Governo não enfrenta a dívida porque quer aderir ao RRF
“A alegada crise e a necessidade de adesão ao Regime de Recuperação Fiscal (RRF) configuram uma estratégia para transferir a responsabilidade dos políticos para os servidores e para o cidadão que necessita do serviço público”, avalia Felipe Rodrigues, diretor de finanças do Sindicato dos Servidores da Justiça de 2ª Instância do Estado de Minas Gerais (Sinjus).
O Regime, criado pelo governo federal em 2017, permitirá que o pagamento da dívida seja suspenso no primeiro ano e retomado nos nove seguintes, de forma parcelada, aumentando o valor da parcela gradativamente. Em troca, Minas terá que desistir de ações judiciais que questionam a dívida com a União.
Além disso, a administração financeira do Estado será submetida a um conselho supervisor, composto por um indicado do Tribunal de Contas da União, um do Ministério da Economia e outro do governo estadual.

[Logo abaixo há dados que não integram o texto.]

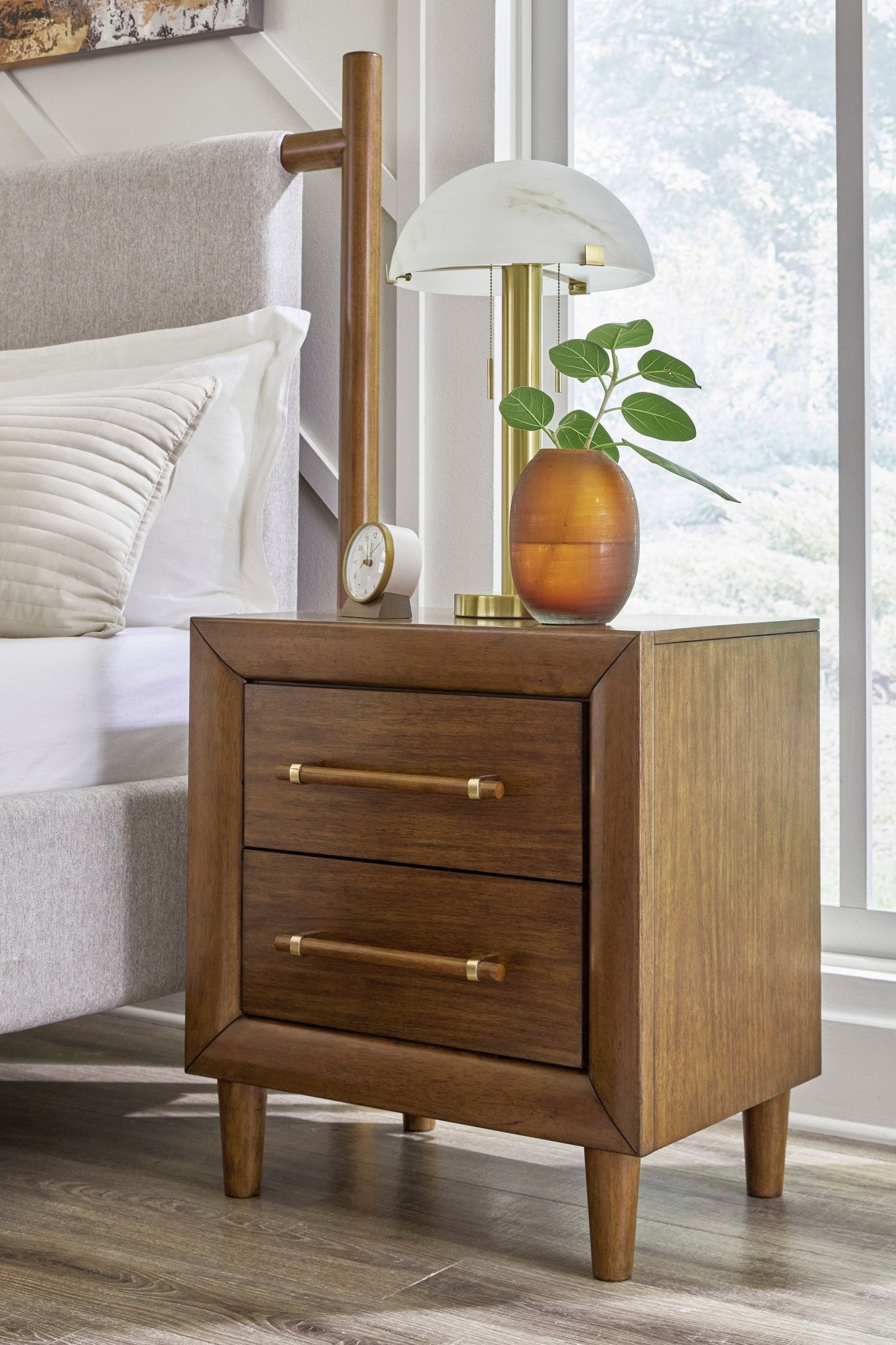 Lynn Nightstand - Modern Bedside Table with Drawer for Bedroom, Living Room & Office - Stylish and Functional Storage Solution for Home Decor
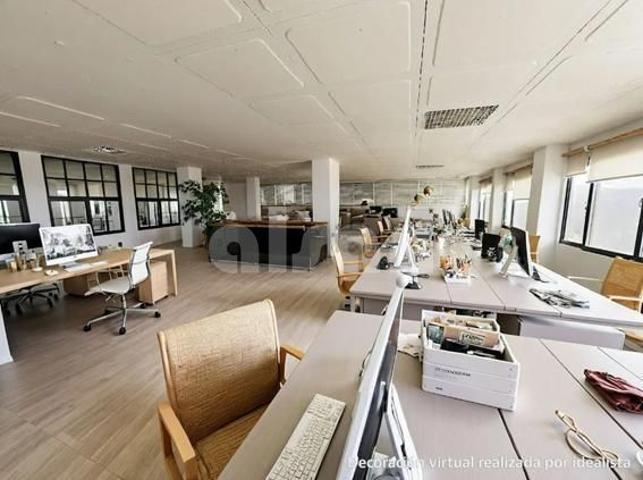 Oficina en venta en Vigo de 304 m2 photo 0
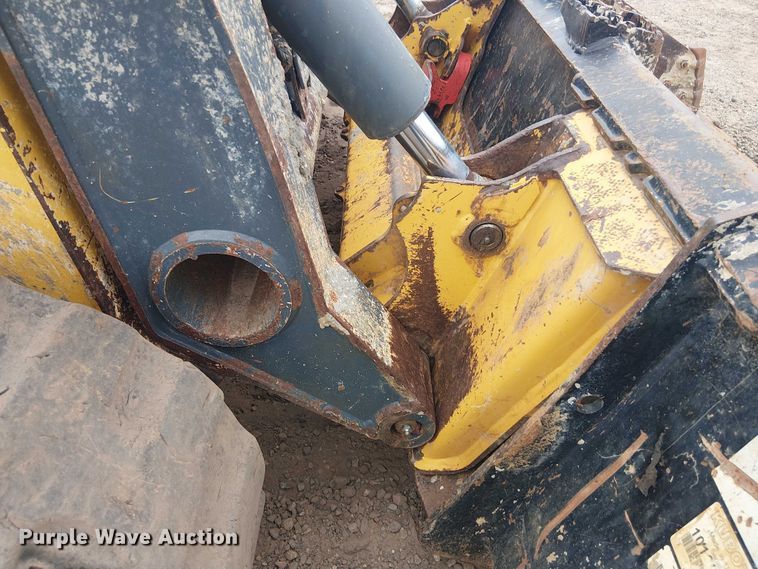 image for item ET2027 2017 John Deere 323E tracked skid steer loader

Investimentos serão restringidos e salários e as carreiras dos servidores serão congelados por quase uma década.
Em 2017, o Rio de Janeiro foi o primeiro estado a aderir ao RRF. Três anos depois, a dívida pública fluminense disparou. No início, correspondia a 234% da receita corrente; em 2020, a dívida saltou para 319% da receita corrente.

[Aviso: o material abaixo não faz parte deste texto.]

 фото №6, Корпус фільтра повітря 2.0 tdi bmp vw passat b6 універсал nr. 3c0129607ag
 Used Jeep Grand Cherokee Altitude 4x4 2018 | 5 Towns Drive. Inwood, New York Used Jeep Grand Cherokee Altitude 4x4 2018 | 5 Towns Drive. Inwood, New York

Em Minas, a tentativa de adesão ao RRF remonta a 2019, isto é, três anos antes de expirar o prazo da liminar que suspendeu o pagamento da dívida. Na época, o governador encaminhou à Assembleia Legislativa de Minas Gerais (ALMG) um projeto de lei (PL 1202) prevendo o ingresso no Regime.
Como a matéria não foi apreciada no Plenário, em junho, o governador recorreu ao STF, pedindo a adesão sem passar pelo Legislativo. No mês de julho, duas decisões liminares do Supremo, sendo uma do ministro Luís Roberto Barroso e outra do ministro Nunes Marques, permitiram ao governo dar seguimento às negociações com o Ministério da Economia sem a anuência dos deputados estaduais.
Especialistas defendem revisão técnica da dívida com a União
Nas decisões, ambos os ministros repetiram o argumento do governo, segundo o qual a ALMG se omitiu no tocante à questão da dívida. Porém, em junho, a Assembleia havia aprovado - e o governador sancionado - a Lei 24.185/2022, autorizando o Poder Executivo a celebrar o contrato de confissão e refinanciamento de dívidas, em condições mais vantajosas do que as atuais: prazo de 360 meses, com eliminação de encargos, de correção e de juros de 4%, somados à inflação do período, tendo como limite máximo a Selic.
Dívida precisa ser questionada
Especialistas defendem que é necessário fazer uma revisão técnica (auditoria) e política da dívida com a União. Segundo ele, há muitas evidências de que houve cobranças indevidas e parte considerável já foi paga.
Para se ter uma ideia, dados do Tesouro Nacional mostram que, entre 1998 e 2019, o Estado quitou R$ 45,8 bilhões em juros e amortizações, mas o estoque da dívida mineira saltou de R$ 14 bilhões para R$ 93 bilhões.
O economista Marco Túlio da Silva cita como fatores para esse crescimento as elevadas taxas de juros e a cobrança de juros sobre juros, bem como contratos de refinanciamento, desde os anos 90, com indexação pelo Índice Geral de Preços - Disponibilidade Interna (IGP-DI), um índice superior à inflação oficial, influenciado pelas variações da taxa de câmbio.
“Além disso, um terço da dívida decorre do Programa de Incentivo à Redução do Setor Público Estadual na Atividade Bancária (Proes), no qual o estado assumiu as dívidas dos bancos Bemge, Credireal e Minas Caixa, antes de privatizá-los ou liquidá-los. E os ativos desses bancos representavam um valor menor do que a dívida que o Estado assumiu. Foi uma imposição do governo federal que gerou endividamento”, acrescenta.
Outro lado
A reportagem fez contato com a assessoria do governo de Minas Gerais para comentar as questões abordadas e aguarda resposta.